Councilmember Tammy Morales at her re-election event on February 1,2023. Photo by Ashley Archibald

(A version of this piece was originally published in Real Change News and is republished with permission.)

Councilmember Tammy Morales announced Wednesday that she would run for reelection in District 2, making her the second sitting councilmember to declare their candidacy in a year in which all seven district seats are up for election.

Councilmember Andrew Lewis, who represents District 7, is currently running unopposed. Four councilmembers — Lisa Herbold, Kshama Sawant, Alex Pedersen and Debora Juarez — have already bowed out. Councilmember Dan Strauss, who represents District 6, has yet to say if he will run one way or another.

Flanked by leaders in the region’s housing, transportation and tenants’ rights worlds at the entrance to the Beacon Hill School, Morales touted her progressive policy track record and success at bringing investment and resources to a district that has historically not seen it.

The result, she said: A district that sees roughly half of the traffic deaths in Seattle, displacement of longtime residents and a toxic combination of over- and under-policing.
Morales positioned herself as a councilmember that has collaborated with community members and a bulwark against powerful interests.

Morales pointed to her voting record during her three years in office, which took place almost entirely during the height of the coronavirus pandemic. She said that her office helped secure $200 million for investments throughout the city and in District 2. She has put her weight behind efforts including: a reduction in traffic deaths through the Vision Zero program, environmental investments in the Green New Deal and abortion protections after the fall of Roe v. Wade.

Morales supported efforts to tax big business to expand the community safety net.
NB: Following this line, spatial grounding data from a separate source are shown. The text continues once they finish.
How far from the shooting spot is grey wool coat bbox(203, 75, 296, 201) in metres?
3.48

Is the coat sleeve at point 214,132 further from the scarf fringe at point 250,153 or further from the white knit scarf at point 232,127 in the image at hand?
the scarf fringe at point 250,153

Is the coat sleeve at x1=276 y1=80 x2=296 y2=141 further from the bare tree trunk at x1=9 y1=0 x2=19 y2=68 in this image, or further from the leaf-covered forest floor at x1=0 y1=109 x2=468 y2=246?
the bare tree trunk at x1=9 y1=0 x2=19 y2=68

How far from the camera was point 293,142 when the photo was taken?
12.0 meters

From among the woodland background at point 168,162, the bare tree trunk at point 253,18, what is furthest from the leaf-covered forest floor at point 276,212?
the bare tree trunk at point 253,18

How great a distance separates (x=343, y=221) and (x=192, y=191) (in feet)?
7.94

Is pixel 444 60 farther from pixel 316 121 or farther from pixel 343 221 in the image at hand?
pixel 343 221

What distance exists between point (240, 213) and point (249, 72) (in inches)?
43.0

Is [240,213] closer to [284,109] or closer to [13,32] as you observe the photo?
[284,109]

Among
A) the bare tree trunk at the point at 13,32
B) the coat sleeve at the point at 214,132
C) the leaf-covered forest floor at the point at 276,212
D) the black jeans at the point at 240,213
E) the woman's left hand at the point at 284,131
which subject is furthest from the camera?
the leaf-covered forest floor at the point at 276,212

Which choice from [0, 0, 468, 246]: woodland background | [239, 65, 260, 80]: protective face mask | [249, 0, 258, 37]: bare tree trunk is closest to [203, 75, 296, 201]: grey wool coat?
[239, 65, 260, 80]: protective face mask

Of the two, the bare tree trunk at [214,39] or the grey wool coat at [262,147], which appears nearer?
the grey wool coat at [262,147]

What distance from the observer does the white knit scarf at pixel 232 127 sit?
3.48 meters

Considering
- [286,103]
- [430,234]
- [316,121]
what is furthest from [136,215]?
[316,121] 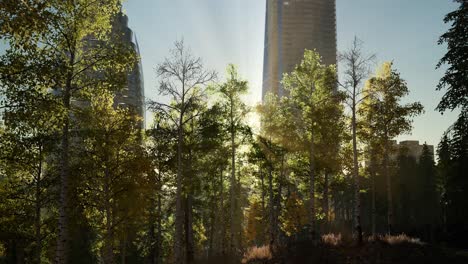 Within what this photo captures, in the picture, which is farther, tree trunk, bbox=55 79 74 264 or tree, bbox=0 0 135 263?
tree trunk, bbox=55 79 74 264

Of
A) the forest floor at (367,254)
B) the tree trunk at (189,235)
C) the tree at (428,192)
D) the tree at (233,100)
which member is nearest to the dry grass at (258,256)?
the forest floor at (367,254)

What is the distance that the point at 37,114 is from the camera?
9266mm

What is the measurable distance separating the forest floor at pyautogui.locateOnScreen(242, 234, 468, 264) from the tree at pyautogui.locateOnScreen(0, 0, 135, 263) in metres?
12.6

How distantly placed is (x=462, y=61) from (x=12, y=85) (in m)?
18.4

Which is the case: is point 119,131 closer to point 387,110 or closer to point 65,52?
point 65,52

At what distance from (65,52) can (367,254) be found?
1582 cm

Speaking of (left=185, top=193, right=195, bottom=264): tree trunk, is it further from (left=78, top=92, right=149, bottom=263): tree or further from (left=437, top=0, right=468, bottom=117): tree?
(left=437, top=0, right=468, bottom=117): tree

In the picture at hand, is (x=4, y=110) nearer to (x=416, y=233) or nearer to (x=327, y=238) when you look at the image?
(x=327, y=238)

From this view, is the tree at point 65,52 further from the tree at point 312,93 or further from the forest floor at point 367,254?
the tree at point 312,93

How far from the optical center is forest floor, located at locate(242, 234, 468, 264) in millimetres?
17406

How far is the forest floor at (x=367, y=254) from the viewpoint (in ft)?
57.1

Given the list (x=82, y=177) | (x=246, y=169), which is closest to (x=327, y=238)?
(x=246, y=169)

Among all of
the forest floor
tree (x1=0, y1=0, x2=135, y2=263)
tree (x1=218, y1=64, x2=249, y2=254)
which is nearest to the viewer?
tree (x1=0, y1=0, x2=135, y2=263)

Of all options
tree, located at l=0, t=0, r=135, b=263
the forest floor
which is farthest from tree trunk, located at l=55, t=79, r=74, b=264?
the forest floor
Those council votes eventually resulted in the JumpStart tax, which was used to fill in gaps in the city budgets for the past two years.

She also highlighted efforts to keep tenants in place through eviction protections, many of which were challenged in court by landlord groups.

Rising rents, which cause homelessness and displacement, are still a major concern in District 2.

Several people who came to support her declined to sign a form to qualify her for democracy vouchers, a publicly funded form of campaign fundraising, because they no longer lived in Seattle.

One was Violet Lavatai, the executive director of the Tenants Union, an organization that advocates for tenants’ rights.

“I should be living here, where I grew up, but that’s not the case,” Lavatai said. “Having Tammy at the forefront as a community leader, she is the voice of us who are considered marginalized and vulnerable communities.”

Morales won election in 2019 handily, securing 50 percent of the vote in a slate of seven primary contenders and 60.5 percent in the general election. Her professional background is in regional and community planning.